A music library is central to every DJ’s performance and no two libraries are the same. A library needs to be easy to navigate, store every song you may need and make life as simple as possible for the DJ so the majority of their efforts can be focused on the actual performance. Here at Crossfader the team is made up of DJ’s who are at different stages of their career and working different style of gigs. We speak to three members of the team to see how they organise their libraries best to suit their own gigs.
DJ Holland’s Music Library
Holland is using Serato DJ Pro for his DJ sets. He has crates set up around particular genre’s of music, with larger genres broken down into sub crates. A particularly unique crate of his is the Samples crate. Inside this crate he has sub crates containing sample packs, scratch tools and voice overs. These are used to manage the files used in the SP6 sample player in Serato. DJ Holland prefers to sort his crates by BPM descending, often starting at the bottom and working his way up for longer sets. On top of this Holland is also utilising the secondary sorting feature.
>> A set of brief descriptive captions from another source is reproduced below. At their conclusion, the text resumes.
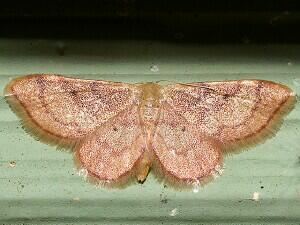 Idaea demissaria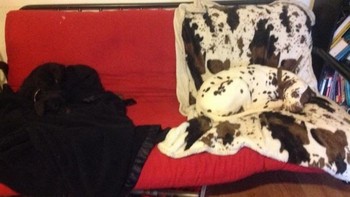 Ada dua anjing lho di sini. Foto: Brightside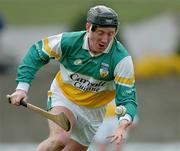28 March 2004; Brian Whelahan, Offaly. Allianz Hurling League, Division 1B, Offaly v Wexford, St. Brendan's Park, Birr, Co. Offaly. Picture credit; David Maher / SPORTSFILE *EDI*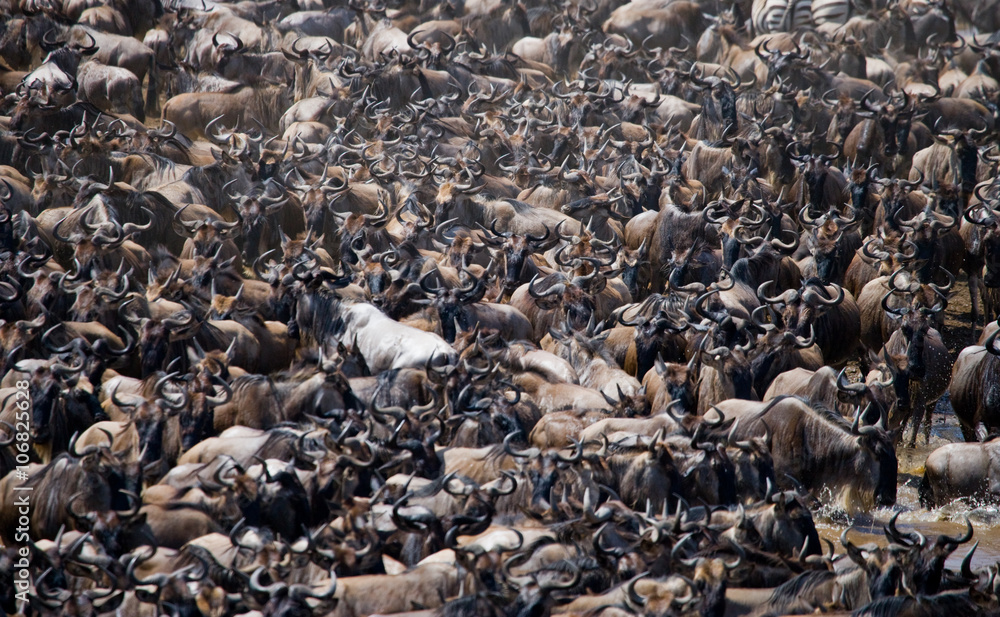 Big herd of wildebeest is about Mara River. Great Migration. Kenya. Tanzania. Masai Mara National Park. An excellent illustration. Big herd of wildebeest is about Mara River. Great Migration. Kenya. Tanzania. Masai Mara National Park. An excellent illustration.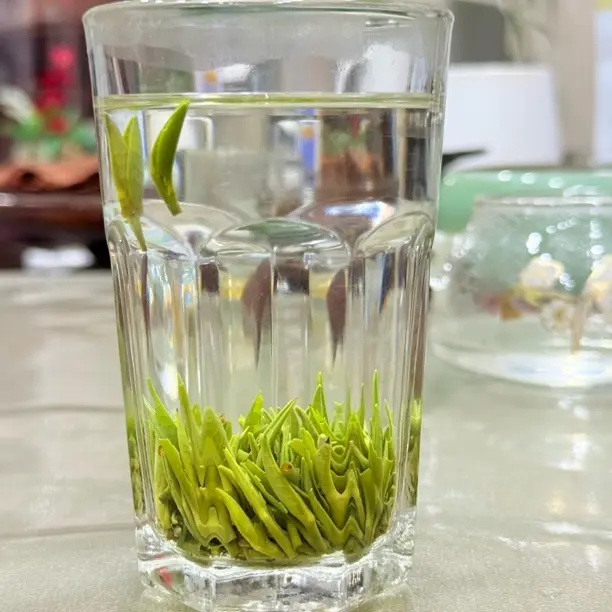 新茶11号紫阳银针甘甜嫩香绿小芽饱满肥壮汤色明亮整齐送礼自己喝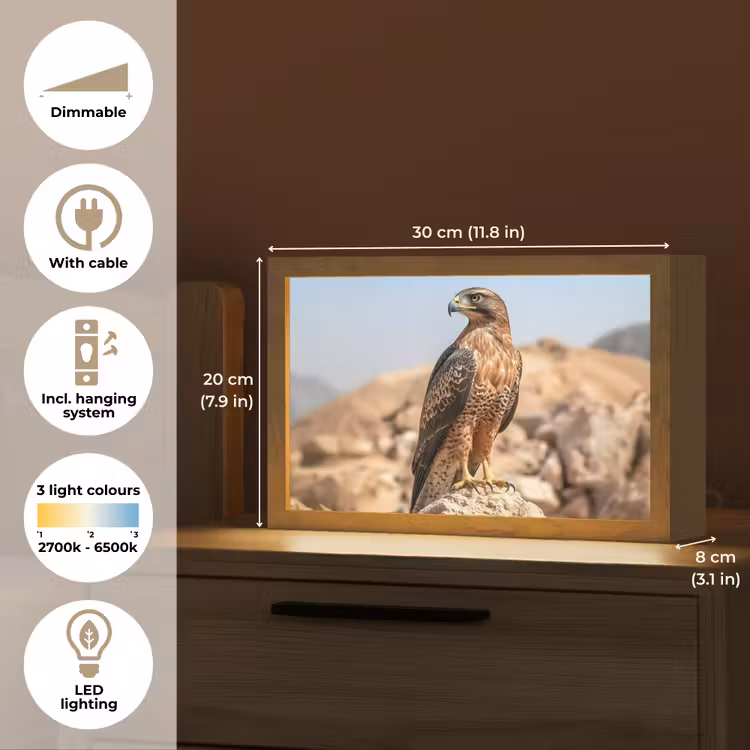 Valk - Vogel - Rots - Macht Light Box met kabel (Tafellamp) klein -USP_EN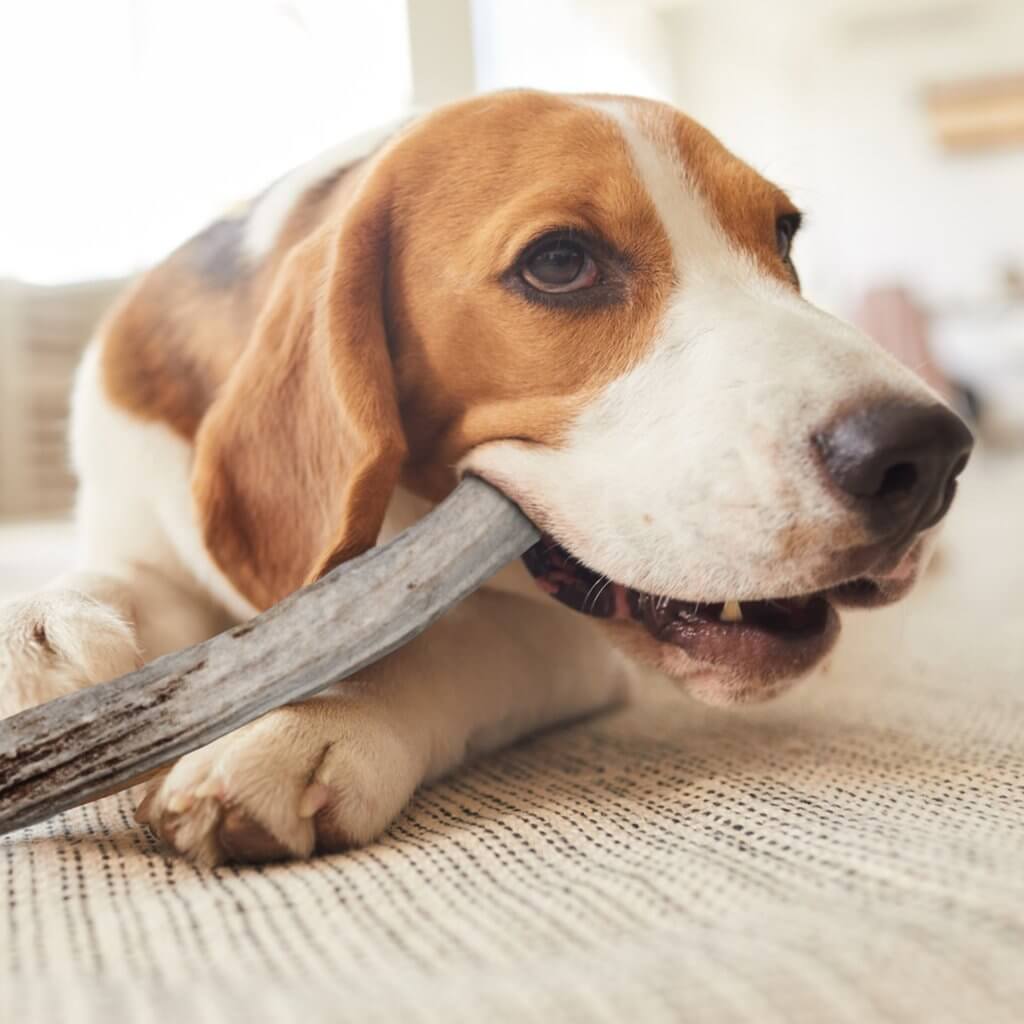 Brown and white beagle chewing an antler for dogs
Unique to Serato, this allows Holland to have tracks grouped by Key as well as BPM. Holland is able to perform harmonic mixing far easier with this enabled. To help himself find certain tracks in large crates, Holland has colour coded certain tracks to make them stand out. He usually uses Green tags for tracks that work well in his sets and red for tracks that don’t.
- Genre specific crates with sub crates
- Descending BPM Sorting with secondary Key sorting
- Colour coding key tracks
- Dedicated samples crate
DJ Danny James’s Music Library
Danny is using Rekordbox for the majority of his music management. A user of CDJ players, his library is organised in a way to make it easier to navigate without the use of a keyboard and laptop. This means smaller playlists that are orientated around not only genre’s but specific events too. Within these playlists Danny houses sub playlists that are based around certain time frames. These can be times within an event, so for example a warm up playlist or peak time. Alternatively Danny also creates playlists of music downloaded recently, so for example a January 2019 playlist. Within these playlists Danny uses a clever method of colour coding his tracks, assigning each track a colour to remind Danny what sort of track it is and where it would best fit. For example in Danny’s system, blue is warm up, green is more commercial music and red means heavier peak time tracks.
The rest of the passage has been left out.